Received: 22/12/2010
Accepted : 08/03/2011
In Press: 31/10/2011
Published: 31/10/2011

Abstract

OBJECTIVES:
Programmed cell death 1 (PDCD-1, also named PD-1, CD279, and SLEB2), a negative T cell regulator to maintain peripheral tolerance, induces negative signals to T cells during interaction with its ligands and is therefore a candidate gene in the development of autoimmune diseases such as rheumatoid arthritis (RA). Herein, we investigate the association of PDCD-1 polymorphisms with the risk of RA among Iranian patients and healthy controls.
METHODS:
Genomic DNA was extracted from the whole blood samples using DNA Purification kit (DNG-plus).
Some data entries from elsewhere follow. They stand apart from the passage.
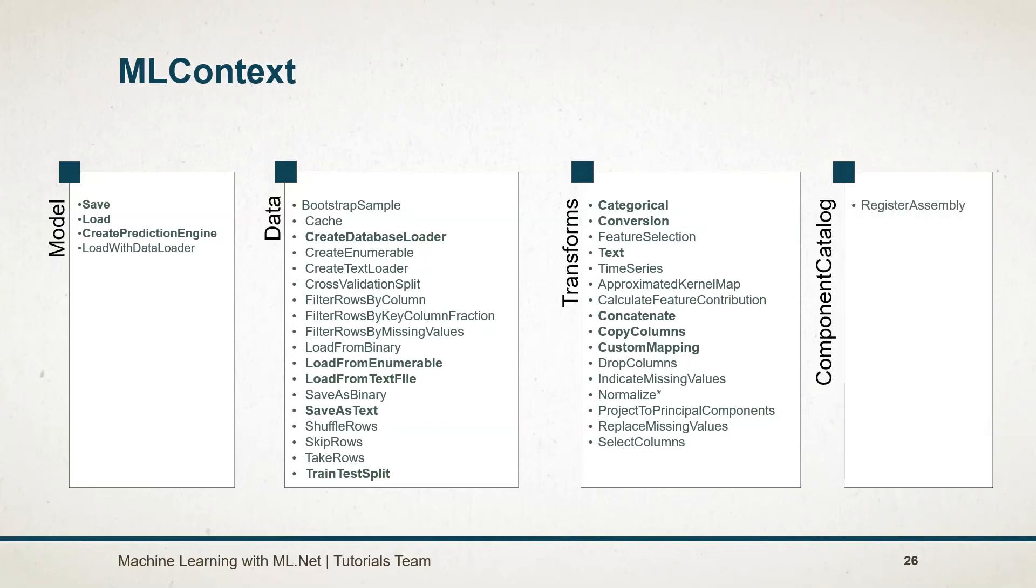Component catalog just has a single method. It is used to register the assembly for the model, as I said previously.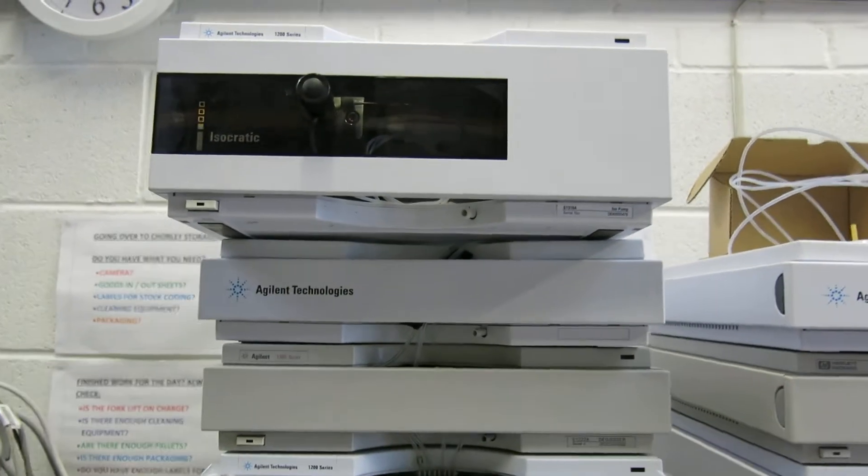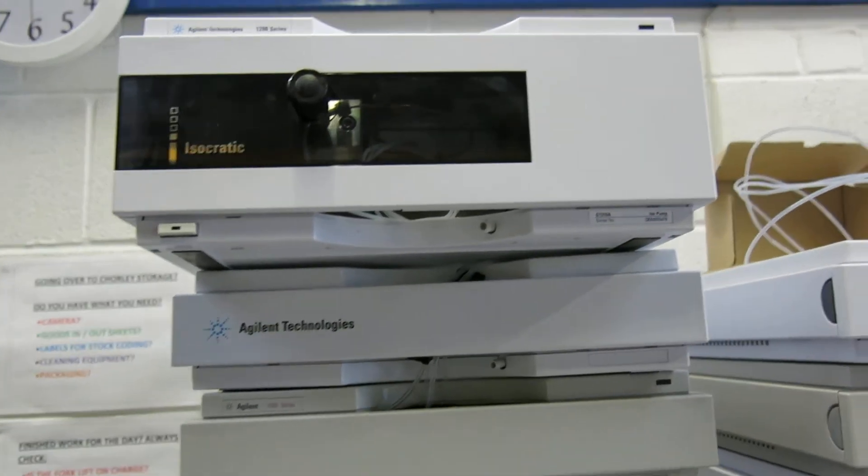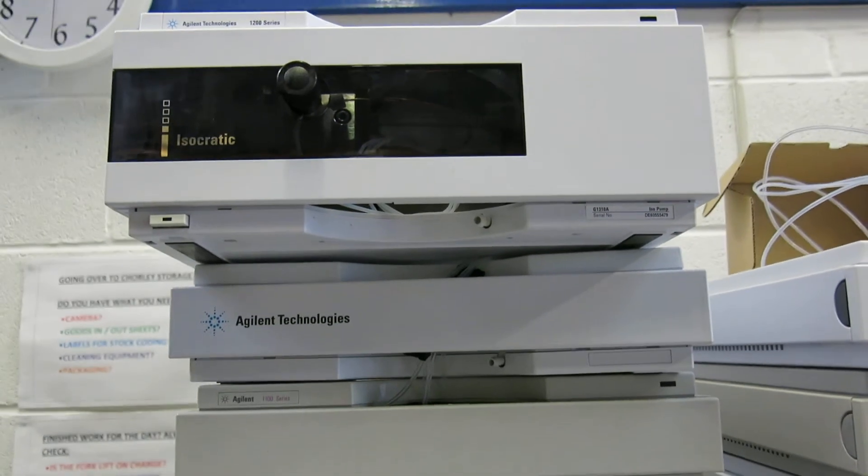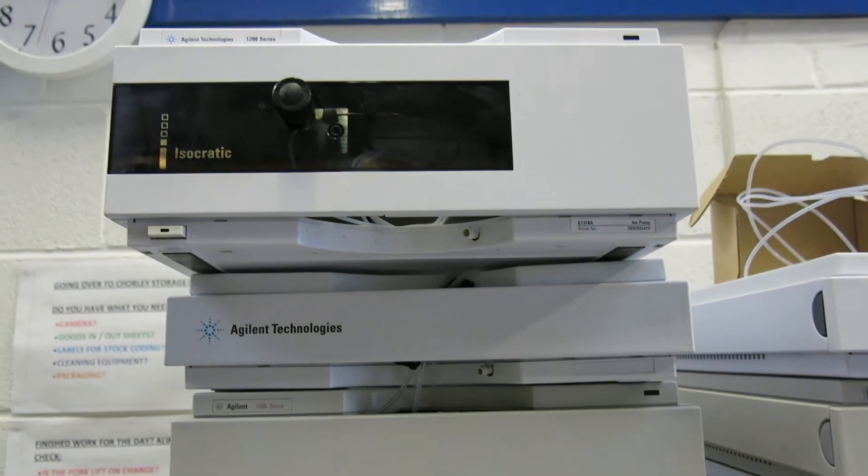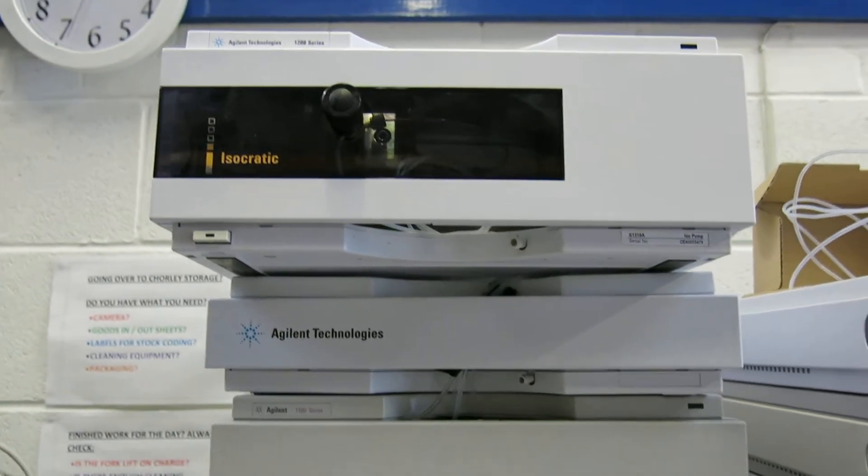This is Nick Edmund, Richmond Scientific. This 1200 system comes with either an isocratic or a binary pump.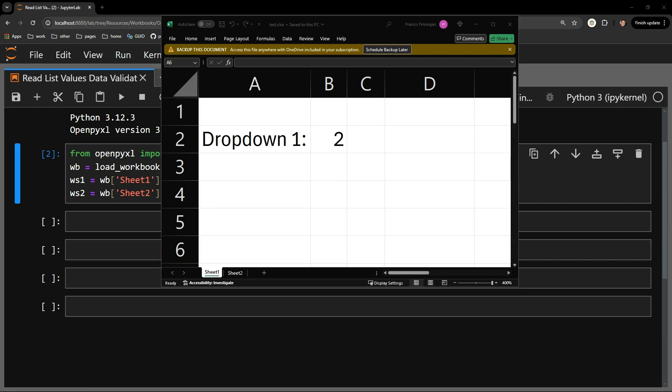This video demonstrates how to use OpenPyExcel to read in Python the options available in a data validation list in a cell within an Excel workbook.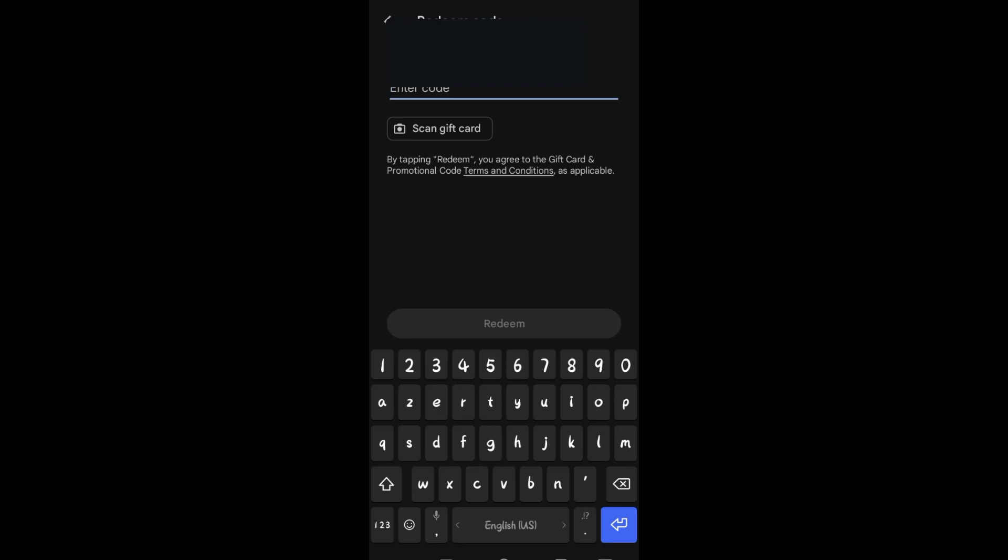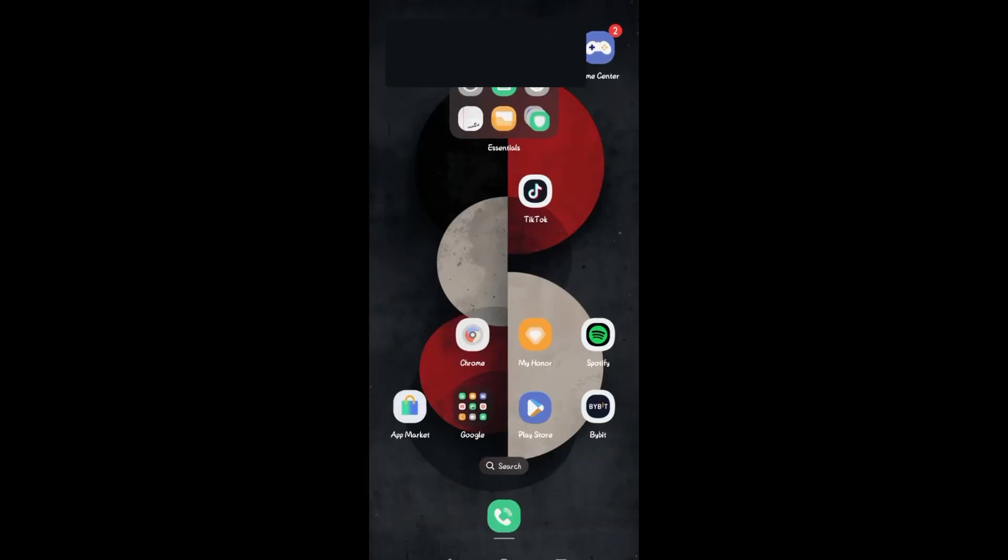In order for you to do that, you just have to simply go to your Google Play Store and then search for an available VPN.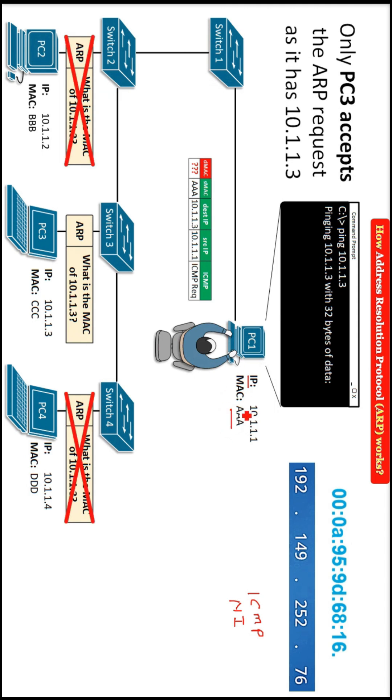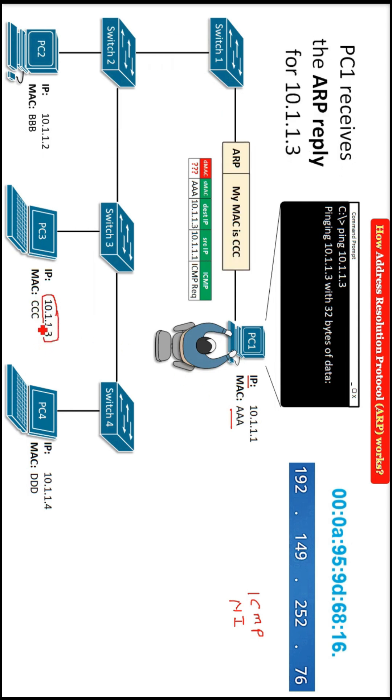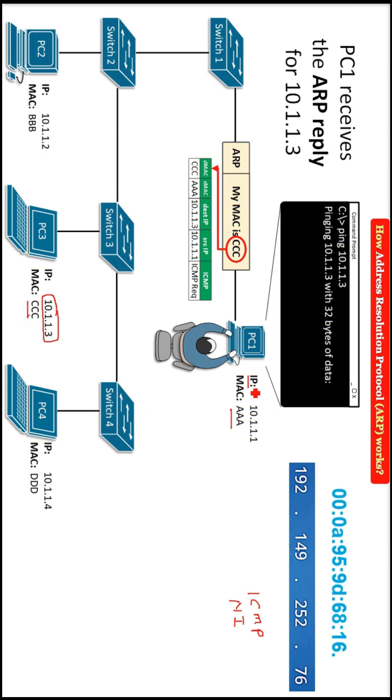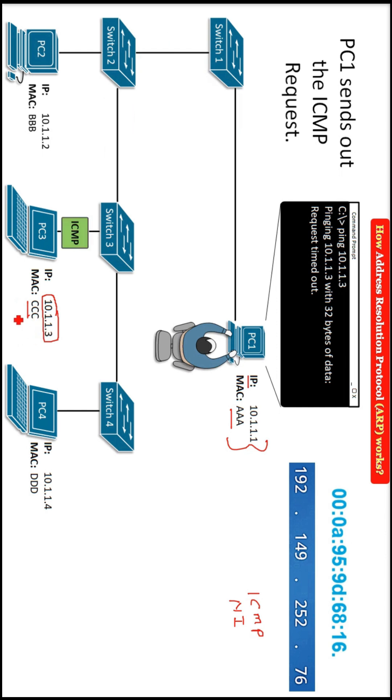Now there has to be a conversation between this IP 10.1.1.1 and 10.1.1.3. So what will happen? You need to know the MAC address that is CCC. Because you are aware of 10.1.1.1. This is yours, AAA is yours. IP is also known for PC 3 which is 10.1.1.3. But the MAC is not known. So what will happen?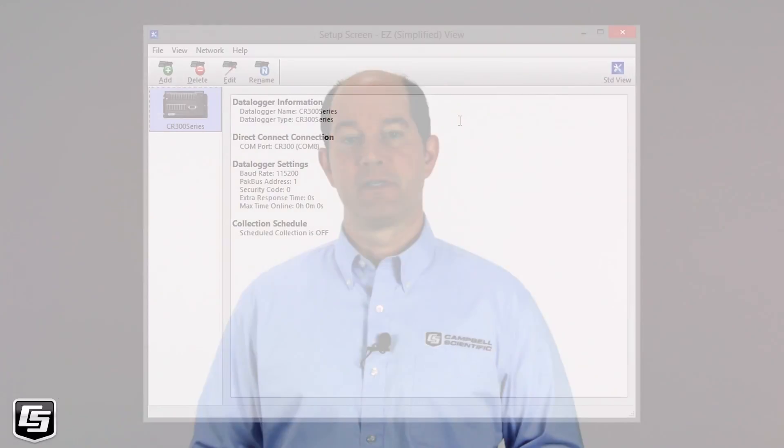We'll use the Easy Setup Wizard to set up IP communication between your computer and your data logger. Start Easy Setup from LoggerNet or PC400.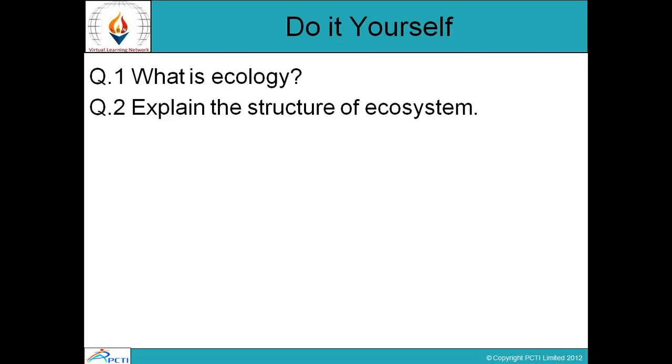There is an exercise for you: What is ecology, and explain the structure of ecosystem. Thank you, happy we-learning.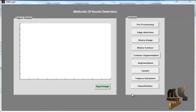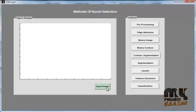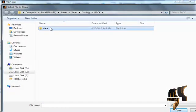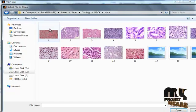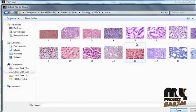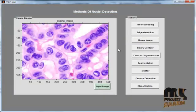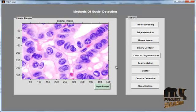Now we discuss the processing. This is the input button. If you click the input image button, the data folder will open. By double-clicking the data folder, we can see the dataset images in that folder. Select any one image from the dataset — the title will show as the original image, and the image will be plotted in the axes.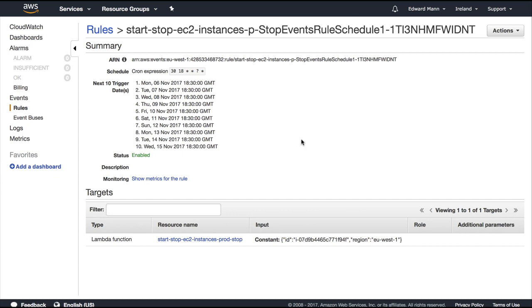Which can obviously be version controlled and given to another developer to understand. And they could logically see, based on the fact that everything's there, what's actually happening and what's the story of the function.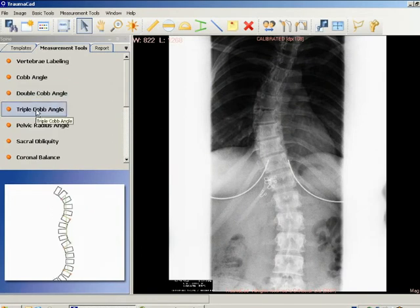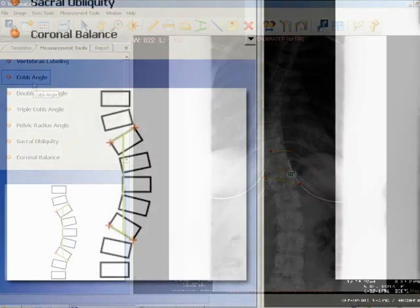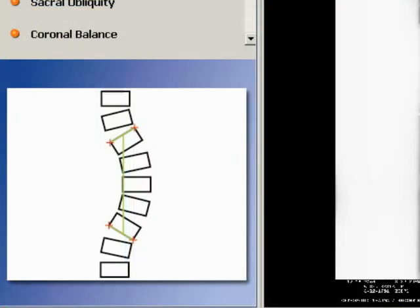When assessing a curve, the apical vertebra is first identified. This is the most laterally displaced and rotated vertebra with the least tilted end plate.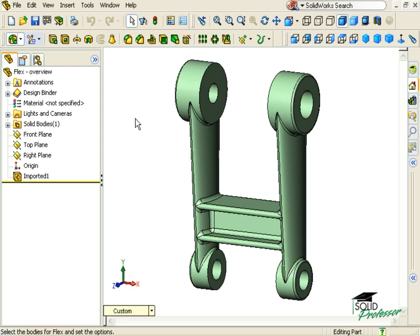The Flex Feature can be applied to any solid body, whether it was designed in SolidWorks or imported from another CAD system. In this case, I'm working with an imported model.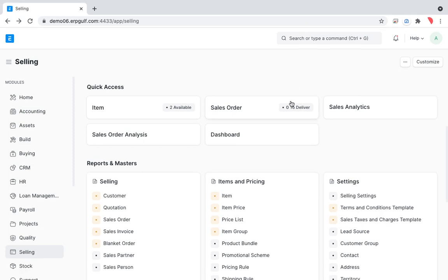Hello, today we are taking a slight deviation from our accounting path because we got some inquiries from our trainees about how to print an invoice on a letterhead. Many of them started experimenting with invoices and already got a very good understanding of how to make sales invoices, purchase invoicing, and all — and now we got some enquiries on how to do that.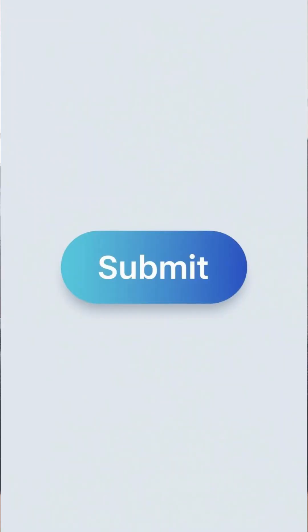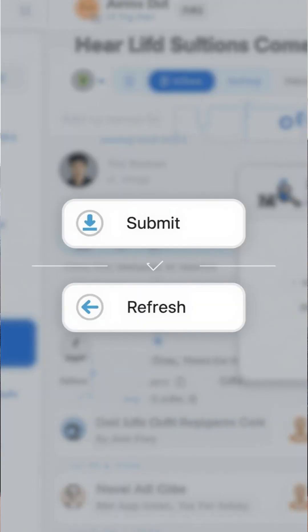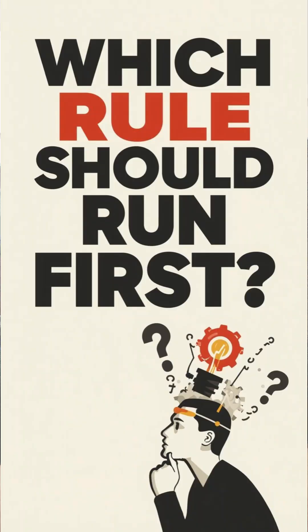When a user clicks submit in Pega, the system does not immediately move to the next screen. First, Pega starts processing the request internally. Every UI action in Pega is tied to multiple rules, and before executing anything, Pega must decide which rule should run first.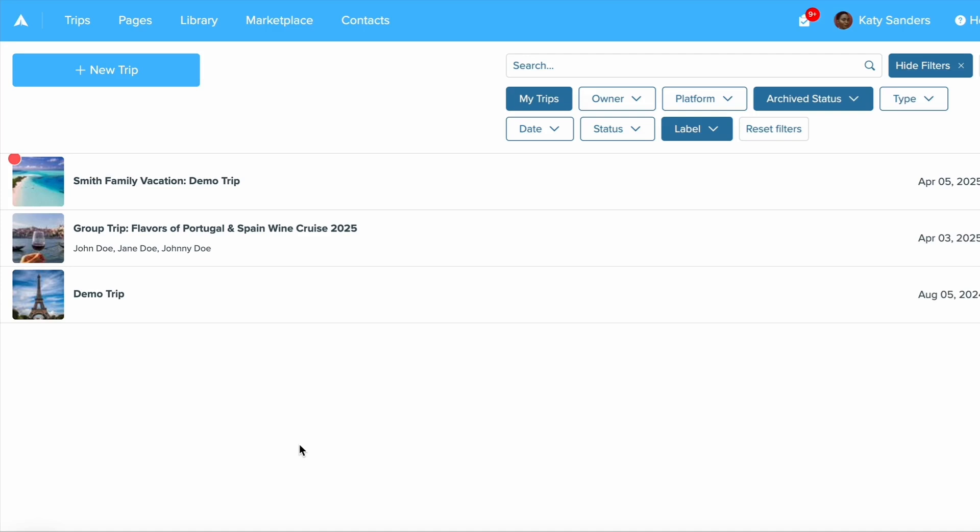This is also where you will create and organize your forms, saved messages, and more. When you create something in your library, you can share any item in your library with another Travify user and vice versa.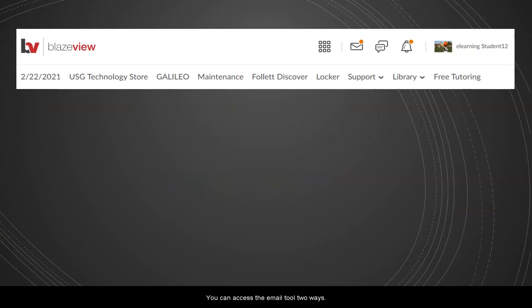You can access the email tool two ways. From anywhere in BlazeVue, the envelope icon in the minibar is available.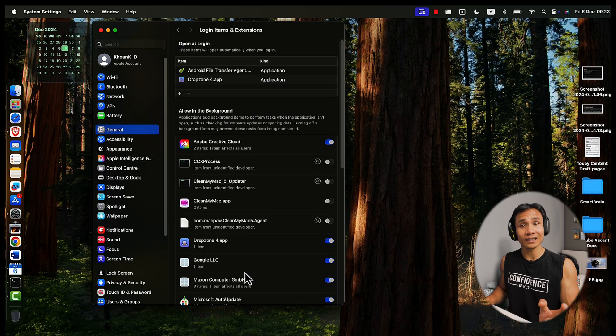That's it. The next time you restart your Mac, the disabled apps won't launch automatically, resulting in a faster startup.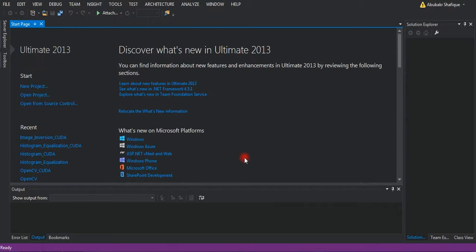Hey folks! Welcome to my channel. In this video, I am going to show you how to invert the colors of an image. It is really a simple task. I am going to write this program in CUDA and C++. GPU processing will speed up the task.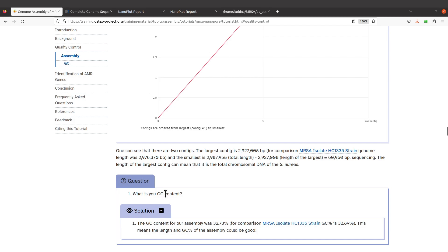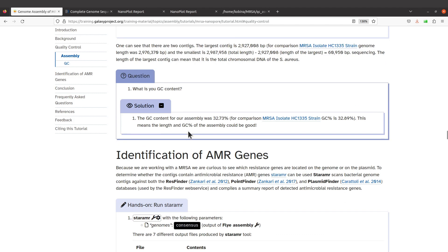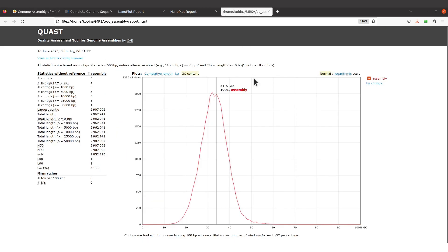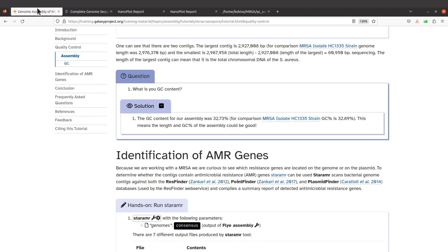You see the GC content for assembly is 32.73 percent, that is what was reported on this page. For mine, GC content is 32.92.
Using the PCR- RFLP method, 3 PDCD-1 SNPs, including PD1.1G/A, PD1.3G/A, and PD1.9C/T were genotyped in 120 RA patients as well as 188 healthy controls. The genotype and allele frequencies of these SNPs were analysed by statistical tests for the significant association between RA patients and controls. Haplotype constructions of these SNPs were performed. Clinical diagnosis of the RA patients was confirmed by the Rheumatology Research Centere of Tehran University of Medical Sciences.
RESULTS:
Our study revealed that PD1.1 A allele at position -538 in the promoter region of PDCD-1 gene is associated with an increased risk of RA disease compared to controls (2.9% vs. 0.7%, OR= 3.735, 95% CI= 0.956–14.588, p=0.046). There were no significant differences in other alleles and genotypes of PDCD-1 SNPs between RA cases and controls.
CONCLUSIONS:
Our results indicate that among the polymorphisms which we evaluated only the PD1.1A allele in the promoter region of PDCD-1 gene is significantly associated with RA susceptibility in Iranian patients.